Friday, March 29, AD 2024 4:22am

Lilliburlero

Something for the weekend.   The lilting strains of Lilliburlero from the classic movie Barry Lyndon (1975). 

The song originated during the Not So Glorious Revolution of 1688, after the usurper William of Holland, with the help of English traitors, chased James II, the rightful King of England, from his throne due to James’ Catholicism.  Like most of the Stuart monarchs, the bad points of James tended to outweigh his good points, but the obloquy heaped upon his reign in most of the histories of this period is largely a function of partisan distortion and outright religious bigotry.  On the other hand, Jacobite views of this period of British history, which goes to 1746 and the smashing of the army of Bonnie Prince Charlie, the grandson of James II at Culloden, tend greatly to exaggerate the virtues of the “Kings across the waters” who, Old Pretender (James II), Young Pretender (James III) and Bonnie Prince Charlie, were basically selfish blockheads who probably would have been disasters as monarchs if they had succeeded in regaining the throne.  History, alas, often gives us unpalatable alternatives.
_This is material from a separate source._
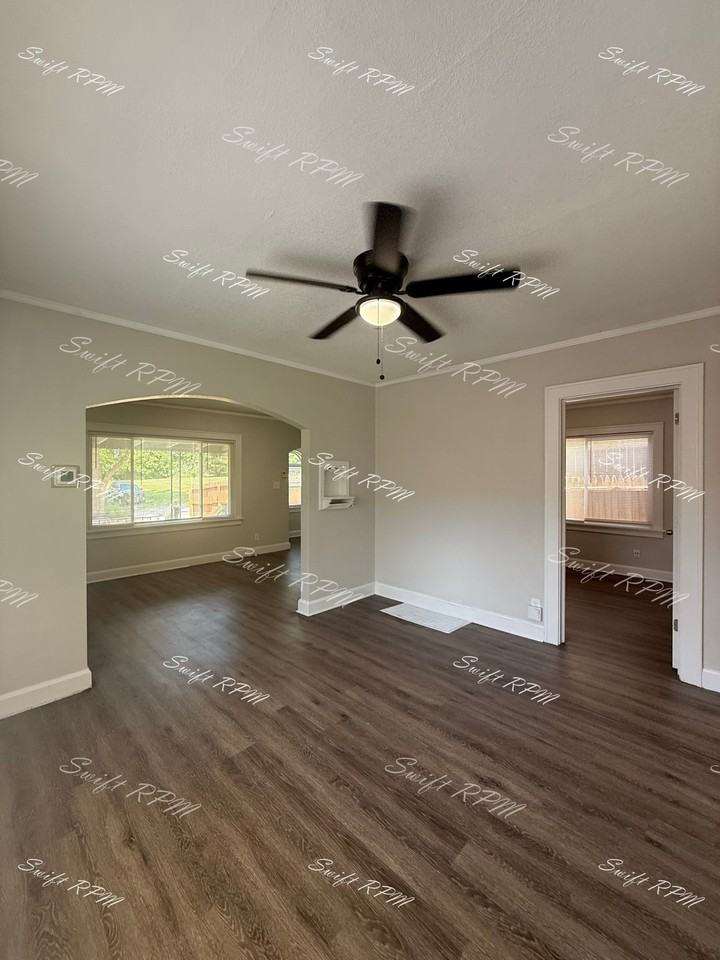 3811 Monroe Ave #1 - Photo 5 of 15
Lilliburlero’s original lyrics are as follows:

Ho, brother Teague, dost hear the decree?
Lilliburlero bullen a la
We are to have a new deputy
Lilliburlero bullen a la
Refrain:
Lero Lero Lillibullero
Lilliburlero bullen a la
Lero Lero Lero Lero
Lilliburlero bullen a la
Oh by my soul it is a Talbot
Lilliburlero bullen a la
And he will cut every Englishman’s throat
Lilliburlero bullen a la
Refrain
Now Tyrconnell is come ashore
Lilliburlero bullen a la
And we shall have commissions galore
Lilliburlero bullen a la
Refrain
And everyone that won’t go to Mass
Lilliburlero bullen a la
He will be turned out to look like an ass
Lilliburlero bullen a la
Refrain
Now the heretics all go down
Lilliburlero bullen a la
By Christ and St Patrick’s the nation’s our own
Lilliburlero bullen a la
Refrain
There was an old prophecy found in a bog
Lilliburlero bullen a la
The country’d be ruled by an ass and a dog
Lilliburlero bullen a la
Refrain
Now this prophecy is all come to pass
Lilliburlero bullen a la
For James is the dog and Tyrconnell’s the ass
Lillibulrero bullen a la

This all seems quite cryptic to us now, but these are all satirical comments placed by the song in the mouths of James’ Irish supporters.  Go here to read an explanation of the lyrics.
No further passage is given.